I have tried the /t switch on PCNFS.SYS but it does not seem to have any
effect.  We are currently trying to improve the performance of rpc.pcnfsd
by removing the getpwnam( nobody ) and 'nice'ing the process.  But we are
not having a lot of success.

Any help would be appreciated.

-- 
-----------------------------------------------------------------------
  Glen Eustace, Software Manager, Computer Centre, Massey University,
   Palmerston North, New Zealand. Phone: +64 63 69099 x7440 GMT+12
             E-Mail via Internet: G.Eustace@massey.ac.nz
<<<<<<<<<<<<<<<<<<<<<<<<<<<<<<<<<<<>>>>>>>>>>>>>>>>>>>>>>>>>>>>>>>>>>>>

geoff@hinode.East.Sun.COM (Geoff Arnold @ Sun BOS - R.H. coast near the top) (03/06/90)
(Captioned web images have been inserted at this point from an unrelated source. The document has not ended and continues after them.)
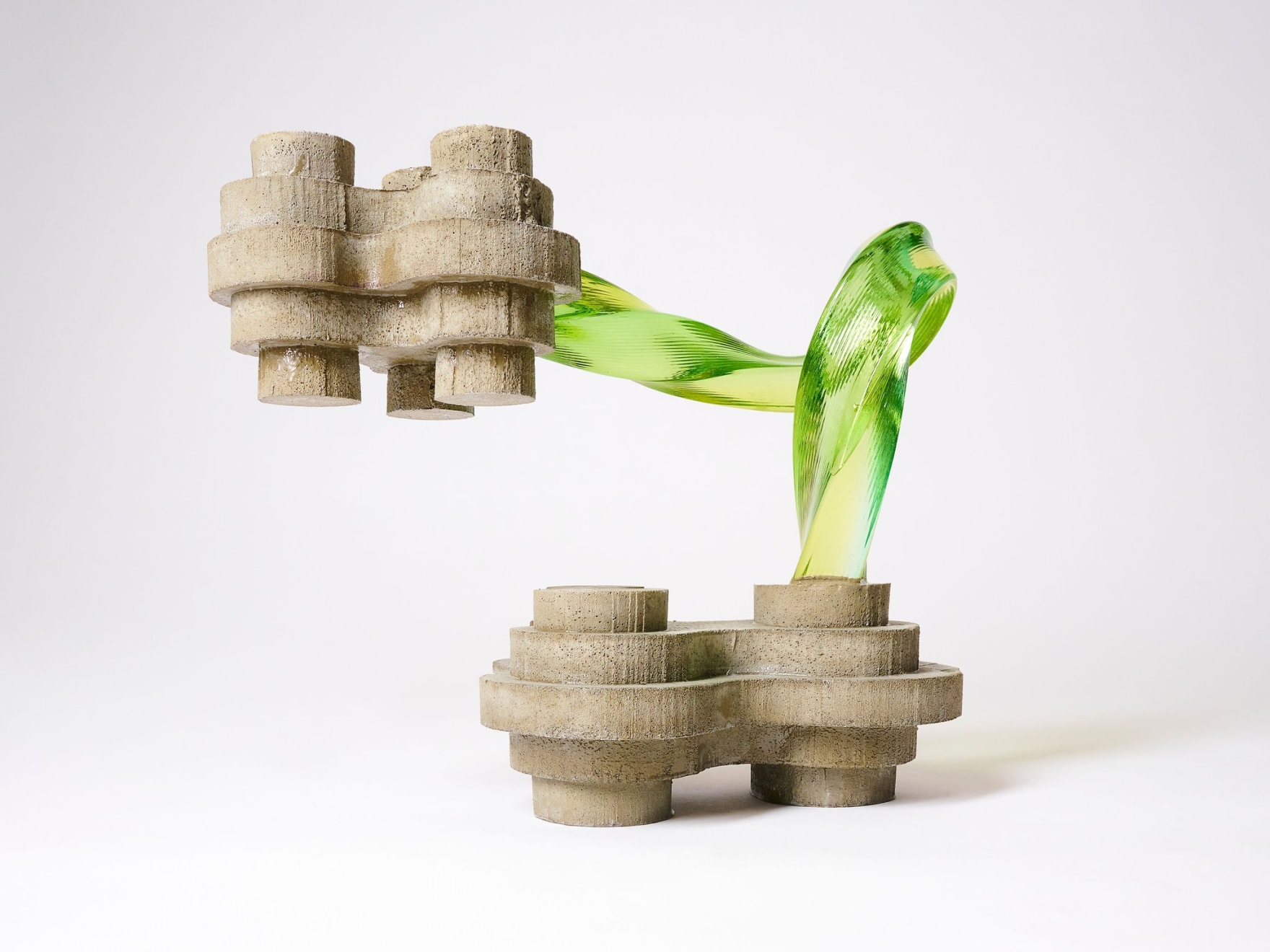 Phillip Bandura, Ogopogo, 2024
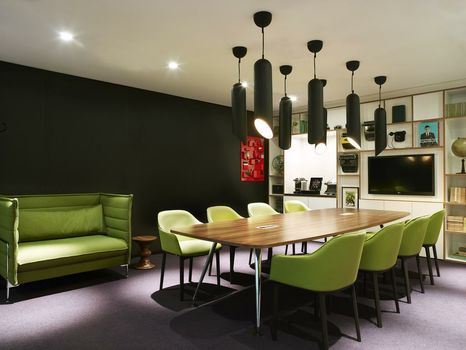 citizenM London Bankside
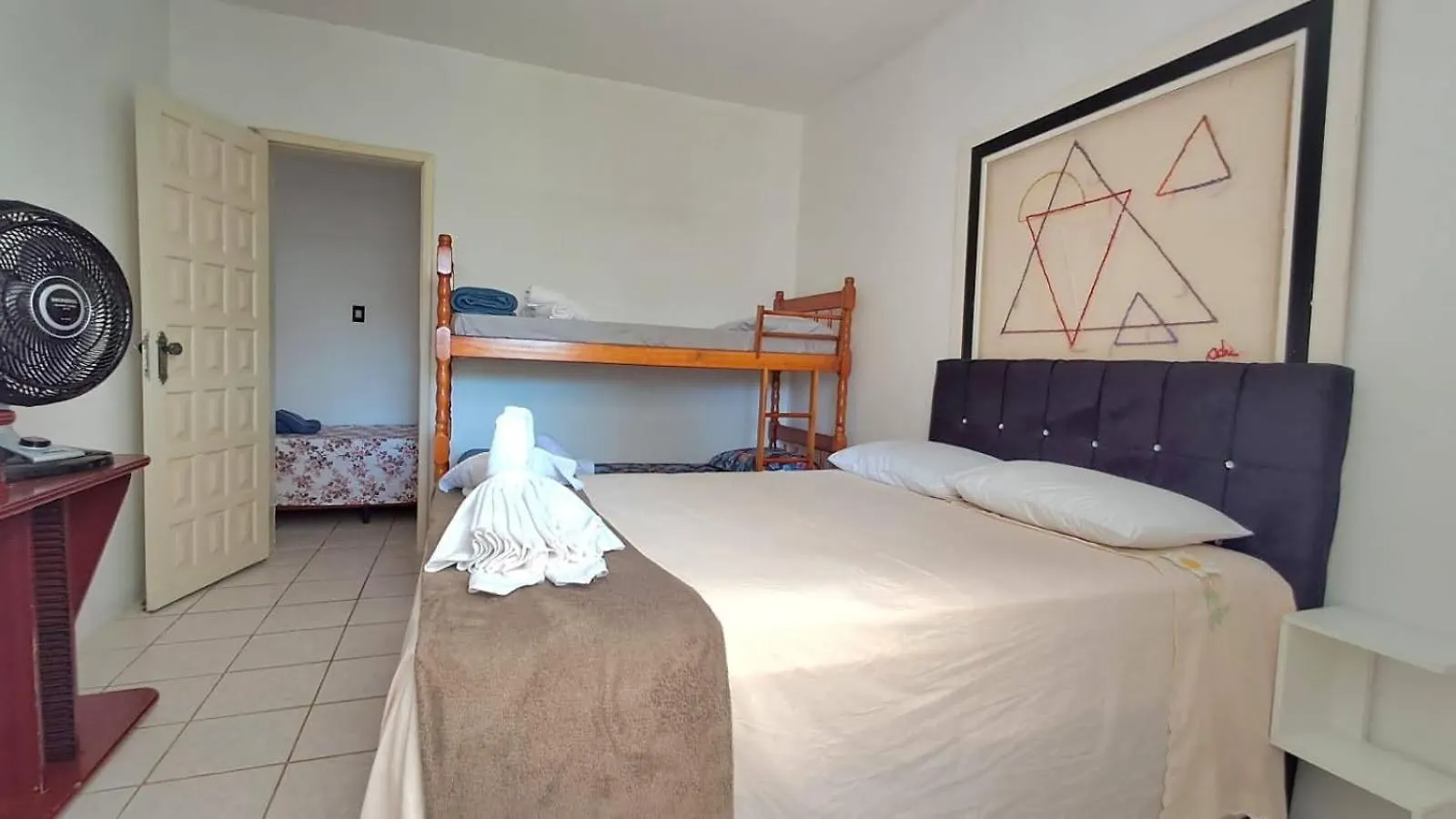 Casa Da Lagoa - Albatroz Hospedaria Imbituba  Konukevi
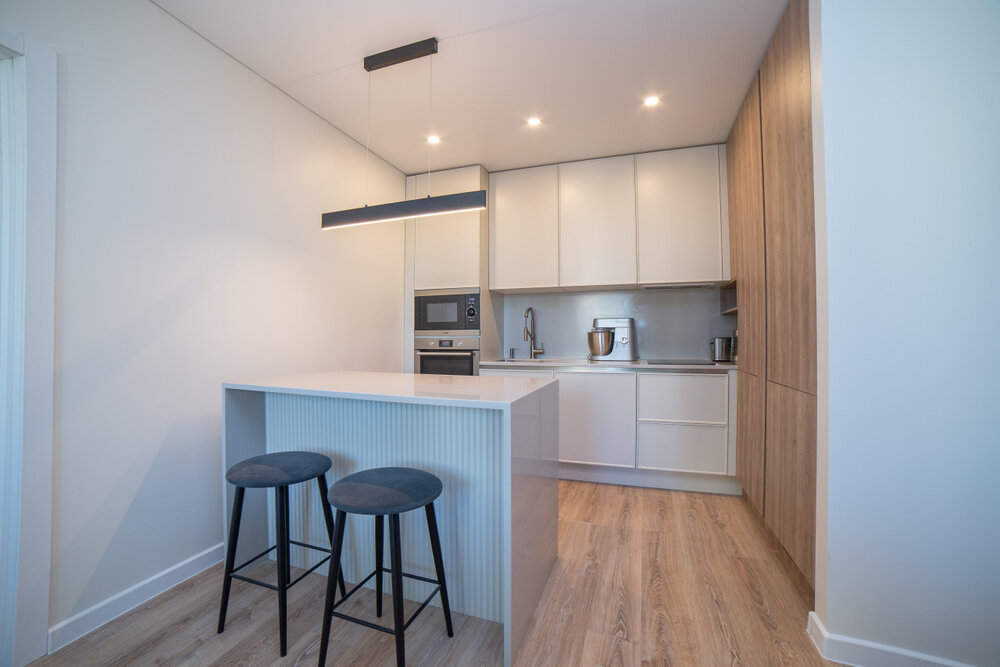 Екатеринбург, ул. Академика Парина, 39 (Академический) - фото квартиры (5)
Quoth GEustace@massey.ac.nz (Glen Eustace) (in <599@massey.ac.nz>):
#We are experiencing a problem with our PCs and their communication with
#the rpc.pcnfsd process on our server.
#[and then provides details]
#It would appear that with the current load on our server and network, the
#rpc packets are being executed but the successful reply is being lost by
#the PCs so they try again.  As more and more PCs hit this situation
#things just get progressively worse.

I'd be curious to see what kind of collision rate you're experiencing
on the network, and also what kind of boards you have in the PCs. As an
experiment, I reniced rpc.pcnfsd to 20 on my workstation, then fired up
everything I could think of - repaginating a 50 page Frame document,
confirming changes to my 500KB mail folder :-), etc. Even so, my PC
was able to get a "net name" executed in around 3 seconds.
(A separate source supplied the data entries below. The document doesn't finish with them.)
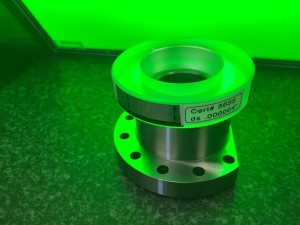 lapping honing superfinishing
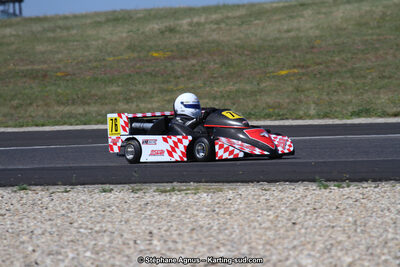 21 & 22/05/2016 : 1ère manche du Championnat de France KZ Long Circuit et Championnat d’Europe Superkart à Lédenon (Photos Stéphane Agnus) 2016 — karting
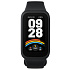 Фитнес-трекер Xiaomi Smart Band 9 Active RU Black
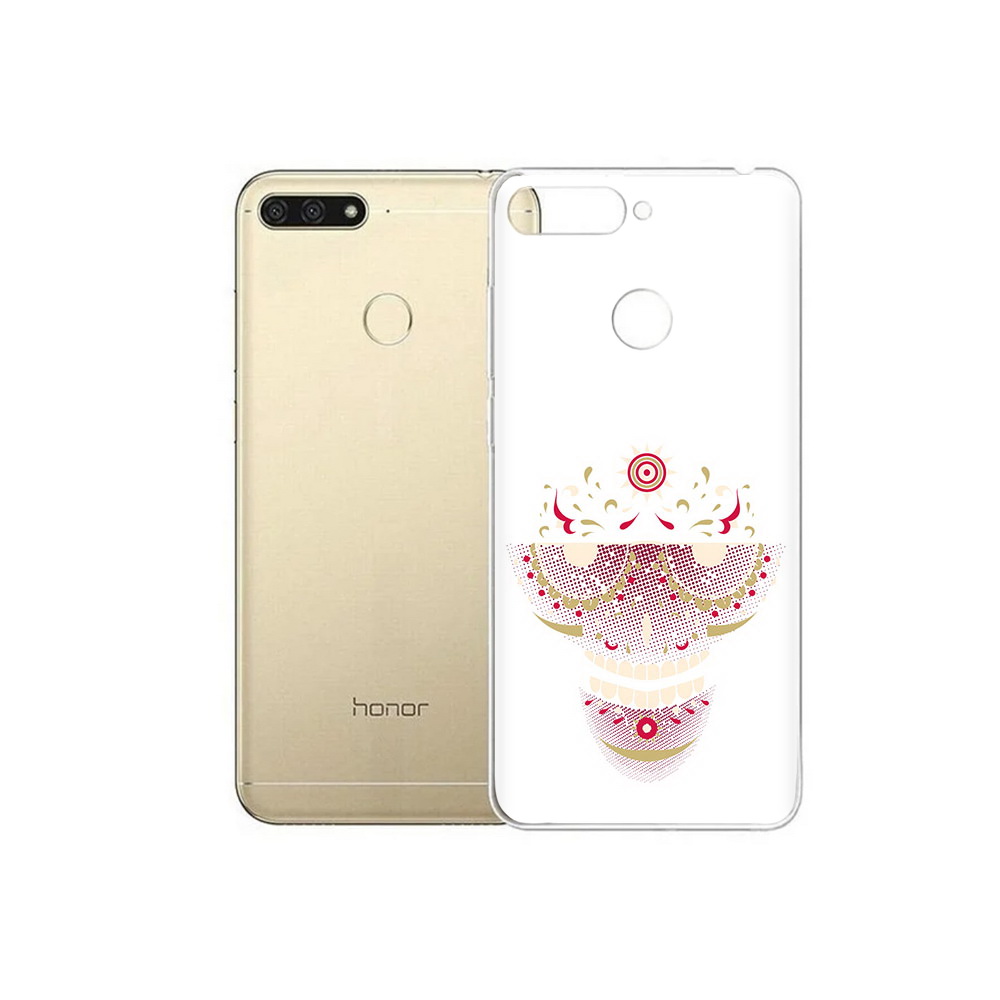 Чехол MyPads Tocco для Huawei 7C карнавальный скелет абстракция (PT111175.61.386), Прозрачный, Tocco
Чехол MyPads Tocco для Huawei 7C карнавальный скелет абстракция (PT111175.61.386), Прозрачный, Tocco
Try "netstat -i" on both the server and the PC. 

PS I can't believe that slowing the RPC retransmission backoff would
help.

PPS You might also try comparing the performance against the value you
get after running "NET PCNFSD some-pc"; i.e. talking to a system not running a
portmapper or a PCNFSD daemon. After all, if you actually get through to
the rpc.pcnfsd it means you've successfully communicated with the
portmapper. If it was a networkproblem you'd expect to see the portmapper
requests failing too.

Puzzled,

Geoff

Geoff Arnold, PC-NFS architect, Sun Microsystems. (geoff@East.Sun.COM)
-------------------
The Bible is not my Book and Christianity is not my religion. I could never give
assent to the long complicated statements of Christian dogma." (Abraham Lincoln)